Eine ungesunde Kombination: Koffein und Stress fördern Halluzinationen
VON TANJA WALTER - zuletzt aktualisiert: 23.08.2011 - 08:34Düsseldorf (RPO). Starker Stress und ein viel Kaffee, das kann nicht gesund sein. Ist es auch nicht, wie Forscher der australischen La Trobe Univerität in Melborne entdeckten. Menschen, die zu Sinnestäuschungen neigen, hörten im Experiment zumindest Dinge, die nicht da sind.
Fünf Tassen Kaffee oder mehr am Tag in Kombination mit Stress reichten aus, um die Neigung der Halluzinationen bei den 92 Versuchspersonen zu erhöhen. Die Ergebnisse wurden in der Studie "The effect of caffeine and stress on auditory hallucinations in a non-clinical sample" zusammengefasst. Dieses Ergebnis macht nach Aussage der Forscher deutlich, dass man beim Genuss dieser scheinbar harmlosen Droge Vorsicht walten lassen sollte.
Nachdem die Probanden angegeben hatten, ob sie im Alltag großem oder geringem Stress ausgesetzt sind und ob sie viel oder wenig Kaffee trinken, wurden sie bestimmten Gruppen zugeordnet. Daraufhin spielte man ihnen Tonbandaufnahmen mit weißem Rauschen vor und bat sie, sich zu melden, wenn sie das Lied "White Christmas" von Bing Crosby hörten.
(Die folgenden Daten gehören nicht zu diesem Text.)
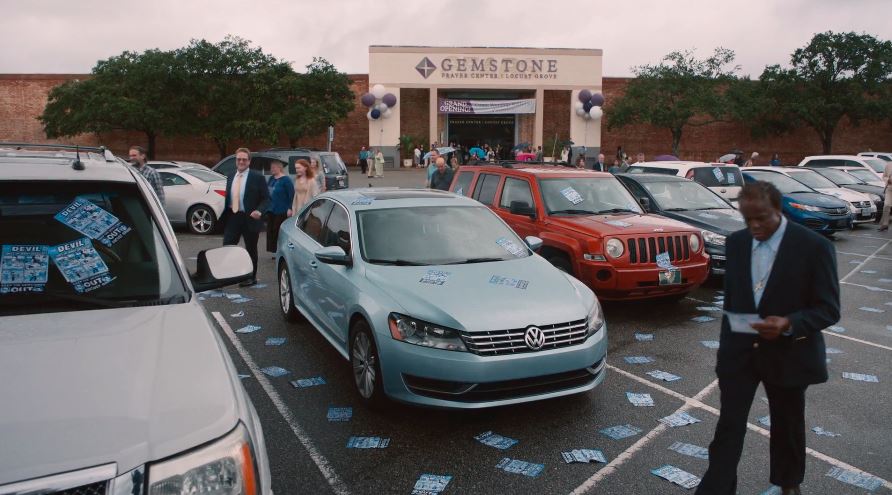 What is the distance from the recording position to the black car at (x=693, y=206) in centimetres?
949

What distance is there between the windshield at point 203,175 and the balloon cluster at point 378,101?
2304cm

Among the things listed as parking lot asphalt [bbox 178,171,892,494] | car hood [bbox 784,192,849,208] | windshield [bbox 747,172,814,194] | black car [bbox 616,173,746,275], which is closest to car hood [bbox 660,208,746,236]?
black car [bbox 616,173,746,275]

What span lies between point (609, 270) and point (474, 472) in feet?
13.2

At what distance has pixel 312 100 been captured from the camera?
37.3 m

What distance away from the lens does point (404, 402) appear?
15.2ft

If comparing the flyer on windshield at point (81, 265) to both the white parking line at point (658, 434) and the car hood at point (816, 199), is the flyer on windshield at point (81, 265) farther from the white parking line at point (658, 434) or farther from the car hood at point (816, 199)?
the car hood at point (816, 199)

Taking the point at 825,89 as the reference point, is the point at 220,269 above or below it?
below

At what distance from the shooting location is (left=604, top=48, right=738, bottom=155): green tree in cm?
3822

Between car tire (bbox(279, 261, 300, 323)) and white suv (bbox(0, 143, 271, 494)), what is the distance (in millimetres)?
3630

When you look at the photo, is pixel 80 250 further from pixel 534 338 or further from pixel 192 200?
pixel 192 200

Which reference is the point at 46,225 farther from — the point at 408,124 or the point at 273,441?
the point at 408,124

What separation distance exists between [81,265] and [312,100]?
3575 centimetres

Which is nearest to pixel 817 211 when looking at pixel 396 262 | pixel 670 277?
pixel 670 277

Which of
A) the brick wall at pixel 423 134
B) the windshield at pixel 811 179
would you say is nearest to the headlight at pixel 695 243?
the windshield at pixel 811 179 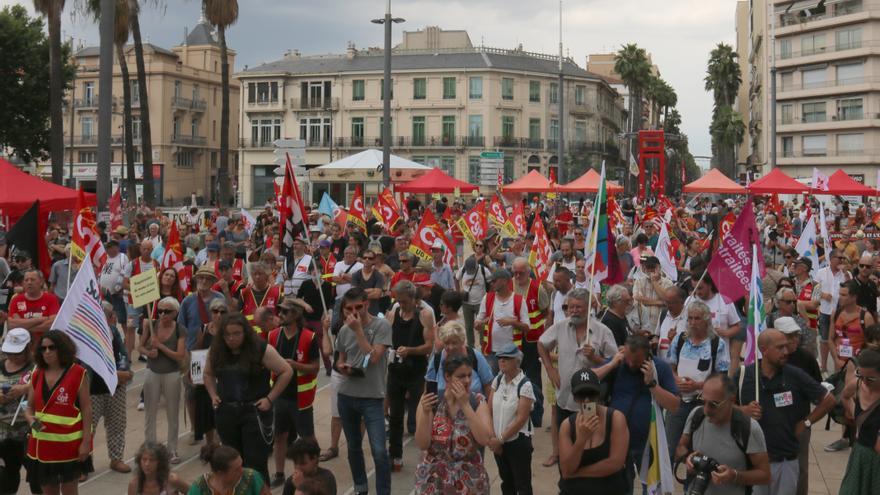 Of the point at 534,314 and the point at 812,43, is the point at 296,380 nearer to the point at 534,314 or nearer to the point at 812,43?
the point at 534,314

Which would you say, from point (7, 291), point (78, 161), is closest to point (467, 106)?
point (78, 161)

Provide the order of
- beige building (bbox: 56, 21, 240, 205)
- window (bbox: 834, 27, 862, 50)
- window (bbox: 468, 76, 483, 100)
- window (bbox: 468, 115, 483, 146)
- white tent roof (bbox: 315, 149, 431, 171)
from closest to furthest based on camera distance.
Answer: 1. white tent roof (bbox: 315, 149, 431, 171)
2. window (bbox: 834, 27, 862, 50)
3. window (bbox: 468, 76, 483, 100)
4. window (bbox: 468, 115, 483, 146)
5. beige building (bbox: 56, 21, 240, 205)

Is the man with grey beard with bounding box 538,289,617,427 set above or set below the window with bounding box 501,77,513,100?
below

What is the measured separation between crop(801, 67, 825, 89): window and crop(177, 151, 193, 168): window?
154 feet

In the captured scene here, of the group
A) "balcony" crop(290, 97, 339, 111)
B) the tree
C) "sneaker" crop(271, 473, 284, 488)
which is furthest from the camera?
"balcony" crop(290, 97, 339, 111)

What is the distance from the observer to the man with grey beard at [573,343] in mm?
7547

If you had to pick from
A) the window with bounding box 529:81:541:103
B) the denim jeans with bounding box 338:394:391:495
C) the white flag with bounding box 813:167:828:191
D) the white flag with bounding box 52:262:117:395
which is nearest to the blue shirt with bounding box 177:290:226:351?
the white flag with bounding box 52:262:117:395

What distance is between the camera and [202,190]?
80.4 metres

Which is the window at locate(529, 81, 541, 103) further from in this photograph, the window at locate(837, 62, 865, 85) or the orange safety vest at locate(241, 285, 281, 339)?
the orange safety vest at locate(241, 285, 281, 339)

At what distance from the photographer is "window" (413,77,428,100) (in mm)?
70544

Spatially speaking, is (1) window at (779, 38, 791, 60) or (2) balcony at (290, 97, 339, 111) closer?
(1) window at (779, 38, 791, 60)

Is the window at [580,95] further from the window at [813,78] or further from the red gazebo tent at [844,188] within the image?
the red gazebo tent at [844,188]

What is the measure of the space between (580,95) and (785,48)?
602 inches

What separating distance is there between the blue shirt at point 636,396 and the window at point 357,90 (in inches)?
2616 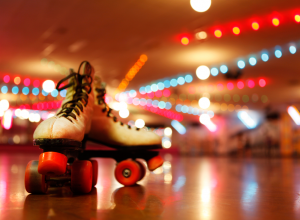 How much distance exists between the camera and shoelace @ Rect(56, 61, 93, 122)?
4.13ft

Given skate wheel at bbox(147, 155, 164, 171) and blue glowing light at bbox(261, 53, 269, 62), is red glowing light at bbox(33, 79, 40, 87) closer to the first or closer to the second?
blue glowing light at bbox(261, 53, 269, 62)

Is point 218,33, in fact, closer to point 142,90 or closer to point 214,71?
point 214,71

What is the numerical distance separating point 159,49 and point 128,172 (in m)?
4.87

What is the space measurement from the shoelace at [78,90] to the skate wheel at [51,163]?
0.22 meters

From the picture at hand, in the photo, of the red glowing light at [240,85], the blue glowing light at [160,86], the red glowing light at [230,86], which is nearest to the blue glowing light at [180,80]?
the blue glowing light at [160,86]

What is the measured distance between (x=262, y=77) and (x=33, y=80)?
705cm

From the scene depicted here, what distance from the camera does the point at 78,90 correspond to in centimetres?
139

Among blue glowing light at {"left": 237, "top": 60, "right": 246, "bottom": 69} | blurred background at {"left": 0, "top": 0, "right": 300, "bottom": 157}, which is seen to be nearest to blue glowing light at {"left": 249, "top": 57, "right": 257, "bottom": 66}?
blurred background at {"left": 0, "top": 0, "right": 300, "bottom": 157}

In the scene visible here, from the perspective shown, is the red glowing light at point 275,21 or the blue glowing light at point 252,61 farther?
the blue glowing light at point 252,61

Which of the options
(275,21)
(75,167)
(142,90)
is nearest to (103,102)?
(75,167)

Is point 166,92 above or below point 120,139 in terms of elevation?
above

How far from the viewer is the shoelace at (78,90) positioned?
1.26 metres

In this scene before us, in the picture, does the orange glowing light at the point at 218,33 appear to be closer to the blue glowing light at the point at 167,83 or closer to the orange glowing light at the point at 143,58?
the orange glowing light at the point at 143,58

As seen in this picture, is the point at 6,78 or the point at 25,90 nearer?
the point at 6,78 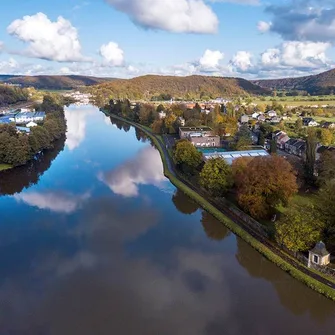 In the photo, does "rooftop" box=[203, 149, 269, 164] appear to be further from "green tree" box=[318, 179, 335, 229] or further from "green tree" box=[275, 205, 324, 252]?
"green tree" box=[275, 205, 324, 252]

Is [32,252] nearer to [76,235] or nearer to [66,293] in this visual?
[76,235]

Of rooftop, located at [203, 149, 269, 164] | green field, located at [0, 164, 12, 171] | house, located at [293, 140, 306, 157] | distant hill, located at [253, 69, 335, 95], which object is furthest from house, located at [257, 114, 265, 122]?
distant hill, located at [253, 69, 335, 95]

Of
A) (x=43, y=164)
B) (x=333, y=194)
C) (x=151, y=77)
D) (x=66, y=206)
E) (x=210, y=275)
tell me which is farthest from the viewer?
(x=151, y=77)

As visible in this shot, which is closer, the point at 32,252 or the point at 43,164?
the point at 32,252

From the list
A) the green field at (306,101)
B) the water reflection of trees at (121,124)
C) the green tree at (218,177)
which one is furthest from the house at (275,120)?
the green tree at (218,177)

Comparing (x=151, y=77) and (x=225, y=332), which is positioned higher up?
(x=151, y=77)

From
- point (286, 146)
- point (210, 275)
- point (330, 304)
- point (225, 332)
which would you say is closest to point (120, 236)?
point (210, 275)

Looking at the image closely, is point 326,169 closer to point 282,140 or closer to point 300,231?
point 300,231

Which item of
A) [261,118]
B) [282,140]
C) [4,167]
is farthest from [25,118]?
[261,118] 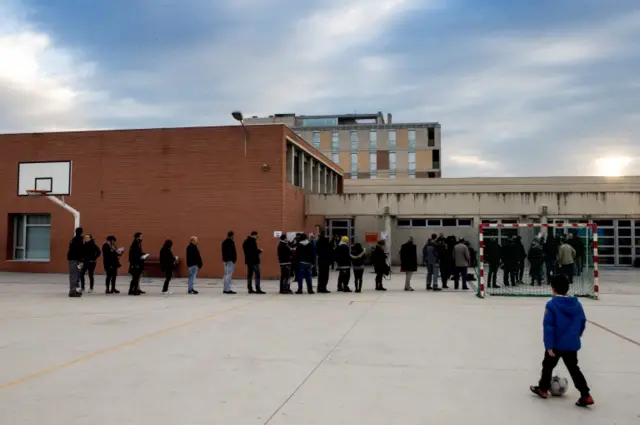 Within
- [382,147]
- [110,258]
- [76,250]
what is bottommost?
[110,258]

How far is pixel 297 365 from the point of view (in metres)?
6.96

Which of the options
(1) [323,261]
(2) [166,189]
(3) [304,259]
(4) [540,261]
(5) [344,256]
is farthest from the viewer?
(2) [166,189]

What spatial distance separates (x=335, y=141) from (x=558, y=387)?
238 feet

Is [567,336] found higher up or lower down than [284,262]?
lower down

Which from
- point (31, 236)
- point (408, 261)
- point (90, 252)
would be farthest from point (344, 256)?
point (31, 236)

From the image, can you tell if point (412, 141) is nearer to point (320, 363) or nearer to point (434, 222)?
point (434, 222)

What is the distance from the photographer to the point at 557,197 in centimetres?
2492

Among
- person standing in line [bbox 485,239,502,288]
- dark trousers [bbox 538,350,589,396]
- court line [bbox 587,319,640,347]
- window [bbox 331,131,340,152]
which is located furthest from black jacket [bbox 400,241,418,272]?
window [bbox 331,131,340,152]

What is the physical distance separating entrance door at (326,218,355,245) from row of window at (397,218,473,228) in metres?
2.80

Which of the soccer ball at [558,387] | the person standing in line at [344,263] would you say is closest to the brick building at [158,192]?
the person standing in line at [344,263]

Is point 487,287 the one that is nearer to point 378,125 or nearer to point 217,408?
point 217,408

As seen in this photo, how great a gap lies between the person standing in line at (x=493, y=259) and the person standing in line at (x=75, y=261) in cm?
1187

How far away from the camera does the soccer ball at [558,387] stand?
18.7 feet

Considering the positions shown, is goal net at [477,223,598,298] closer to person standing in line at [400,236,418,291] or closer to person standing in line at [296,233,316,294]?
person standing in line at [400,236,418,291] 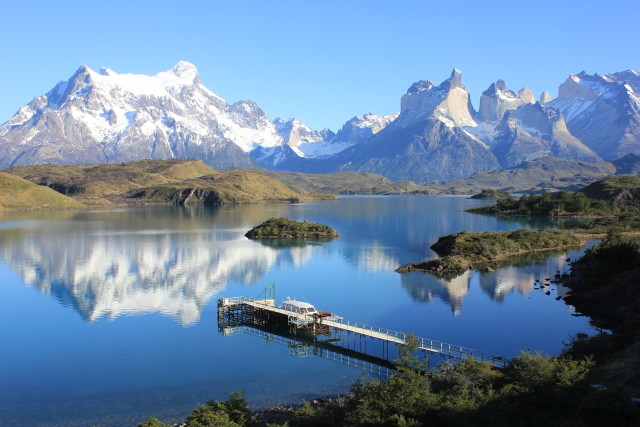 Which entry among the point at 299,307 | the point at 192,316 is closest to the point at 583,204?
the point at 299,307

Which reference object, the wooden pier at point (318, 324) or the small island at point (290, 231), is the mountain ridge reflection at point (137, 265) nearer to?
the wooden pier at point (318, 324)

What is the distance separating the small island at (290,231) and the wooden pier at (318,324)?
6519 cm

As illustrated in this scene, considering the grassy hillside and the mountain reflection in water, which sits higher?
the grassy hillside

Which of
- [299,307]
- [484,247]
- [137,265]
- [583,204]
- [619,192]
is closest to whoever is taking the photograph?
[299,307]

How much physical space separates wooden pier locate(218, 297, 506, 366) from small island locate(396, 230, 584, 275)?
96.4ft

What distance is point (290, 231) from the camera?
124 metres

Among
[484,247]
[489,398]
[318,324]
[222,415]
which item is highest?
[484,247]

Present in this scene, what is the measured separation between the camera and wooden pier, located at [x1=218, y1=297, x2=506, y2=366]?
41375 mm

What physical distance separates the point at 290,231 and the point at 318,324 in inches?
2938

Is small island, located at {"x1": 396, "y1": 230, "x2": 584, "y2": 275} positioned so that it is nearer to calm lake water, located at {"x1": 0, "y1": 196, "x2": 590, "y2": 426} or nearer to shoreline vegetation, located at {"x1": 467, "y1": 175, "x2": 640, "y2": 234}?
calm lake water, located at {"x1": 0, "y1": 196, "x2": 590, "y2": 426}

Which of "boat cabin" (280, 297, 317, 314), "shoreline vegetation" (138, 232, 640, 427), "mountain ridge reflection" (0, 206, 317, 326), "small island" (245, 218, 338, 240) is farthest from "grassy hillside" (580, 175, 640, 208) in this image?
"shoreline vegetation" (138, 232, 640, 427)

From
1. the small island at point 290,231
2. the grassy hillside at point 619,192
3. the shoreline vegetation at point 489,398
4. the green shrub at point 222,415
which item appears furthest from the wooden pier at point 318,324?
the grassy hillside at point 619,192

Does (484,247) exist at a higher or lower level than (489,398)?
higher

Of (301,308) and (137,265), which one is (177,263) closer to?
(137,265)
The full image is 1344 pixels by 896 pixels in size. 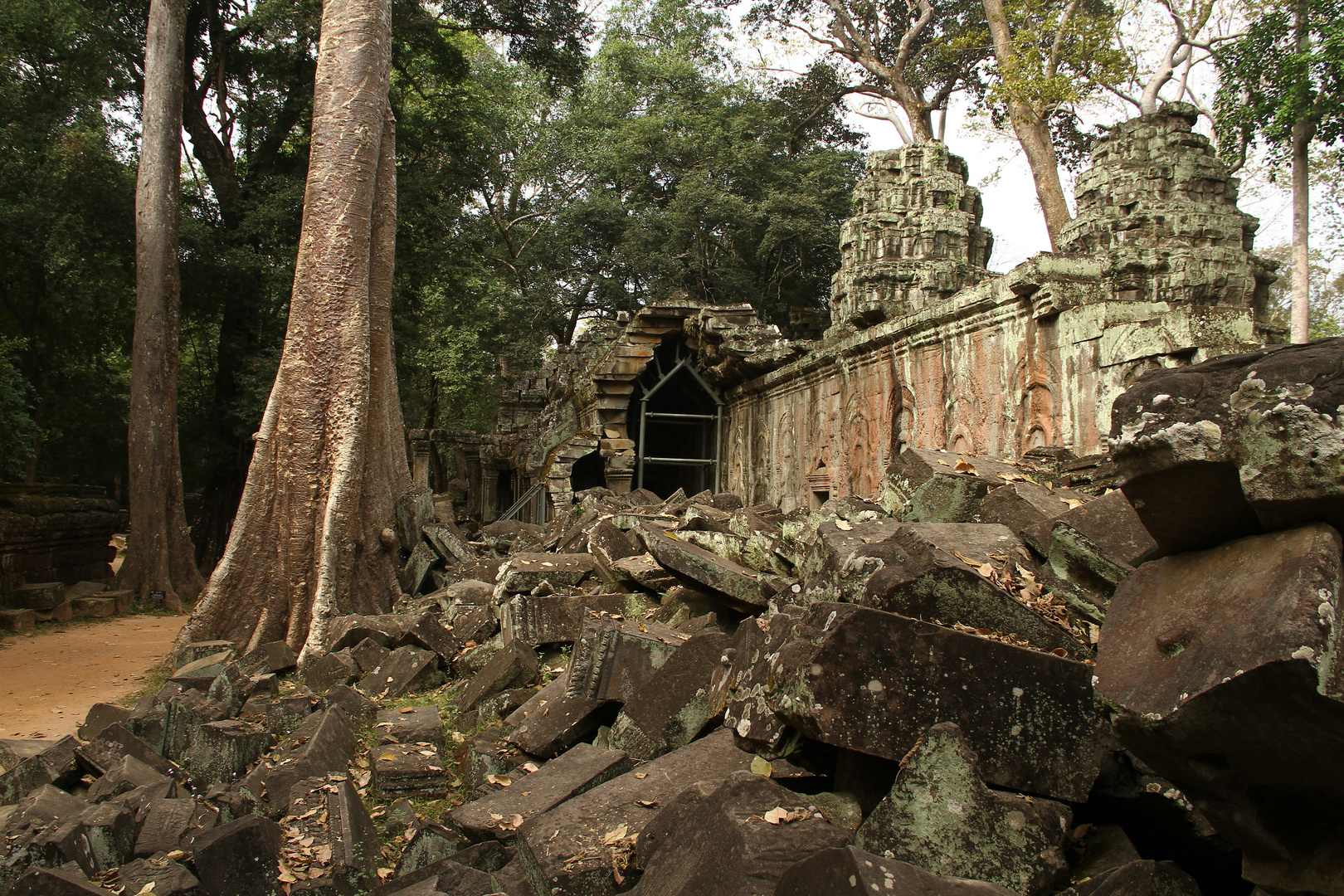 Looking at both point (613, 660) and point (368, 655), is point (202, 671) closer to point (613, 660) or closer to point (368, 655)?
point (368, 655)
Tatsächlich wurde das Lied jedoch kein einziges Mal gespielt. Die Untersuchungsergebnisse zeigten, dass die Teilnehmer, die im Alltag unter großem Stress standen und einen hohen Koffeinspiegel aufwiesen, weitaus häufiger der Meinung waren, das Lied gehört zu haben.
Daraus schlossen die Forscher, dass es einen Zusammenhang gibt zwischen einem hohen Stresslevel, Koffein und der Neigung psychoseartige Symptome zu entwickeln. Die Studie könnte außerdem erklären, inwiefern Stress für bei gesunden Probanden dafür verantwortlich sein könnte, Symptome einer Schizophrenie zu entwicklen, glaubt der Wissenschaftler.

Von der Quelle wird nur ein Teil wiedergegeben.